0.6

256 29 15
                                    

Yoongi ve Hoseok diğerleriyle buluşup bir mekana gitmiştiler. Tüm yol boyunca Siwoo Hoseokun ne kadar şık olduğundan bahsedip Yoongini de bezdirmişti. Mekan fazla büyük deyildi. Siyahtı ve ışıklandıran tek şey renkli led ışıklardı.

İki tane sandalye vardı. 

Minho ve Hajun ilk dövme yaptırmış daha sonra Siwoo ve Jihoon yaptırmıştı. Hoseok hala kararsızdı. Biraz düşününce aklına gelenle Yoonginin yanındaki sandalyeye oturmuştu. Siwoo şaşkınlıkla Hoseoka bakıp "Sen de mi yaptıracaktın?" Hoseok gülerek kafasını sallamıştı. 

Yoongi sağ omuzunun altına, sırtına küçük kurukafa yaptırmak istediğini söylemişti. Hoseok ta önündeki dövmeciyle konuşurken karar verdiklerinde Yoongi kulağına yaklaşıp "Çok açık yerlerine yaptırma ha. Her kesin içinde çıplak kalmak istemezsin." Çekildiğinde uyarıcı şekilde ona bakınca Hoseok kafasını sallamıştı. 

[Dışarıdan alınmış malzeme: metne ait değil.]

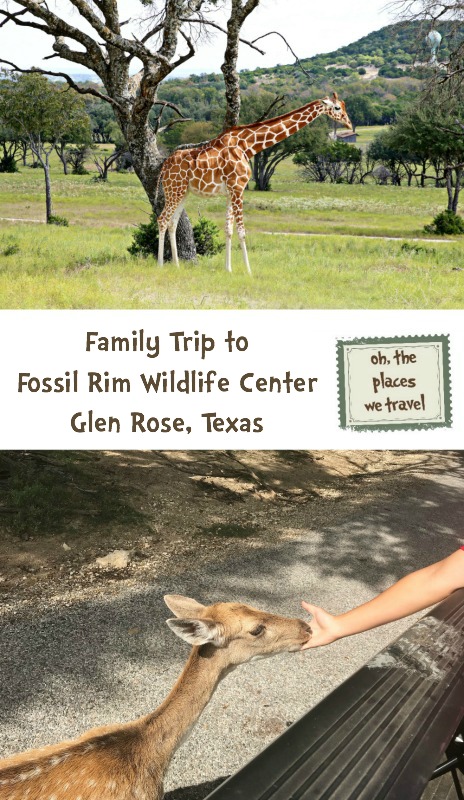 Family Trip to Fossil Rim Wildlife Center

Hoseok adama omuzunun ön tarafına güneş yaptırmak istediğini söylemişti. Adam kabul edince Hoseok omuzunu hafifçe açmıştı. "Kıyafetini çıkarırsan daha rahat olur senin için." Hoseok sahte şekilde gülerek "Yok kalsın iyi böyle." Yoongi ise kıyafetini çıkarıp yüzüstü uzanmıştı.

Hoseok içten içe ona göz devirip önüne dönmüştü. "Biraz acıta bilir tamam mı? Çok acırsa söyle mutlaka." Hoseok kafasını sallamıştı. Yaparken acıyordu evet ama o kadarda çok acıtmamıştı. Bittikten sonra hepsi çıkmışlardı. Siwoo onları evine gitmeye ısrar edince kabul etmiştiler. Hoseok pek istekli deyildi çünkü saat gece 1 buçuktu. Villaya geldiklerinde hepsi salonda oturuyordular. Siwoo içecek alkollü şeyler getirmişti.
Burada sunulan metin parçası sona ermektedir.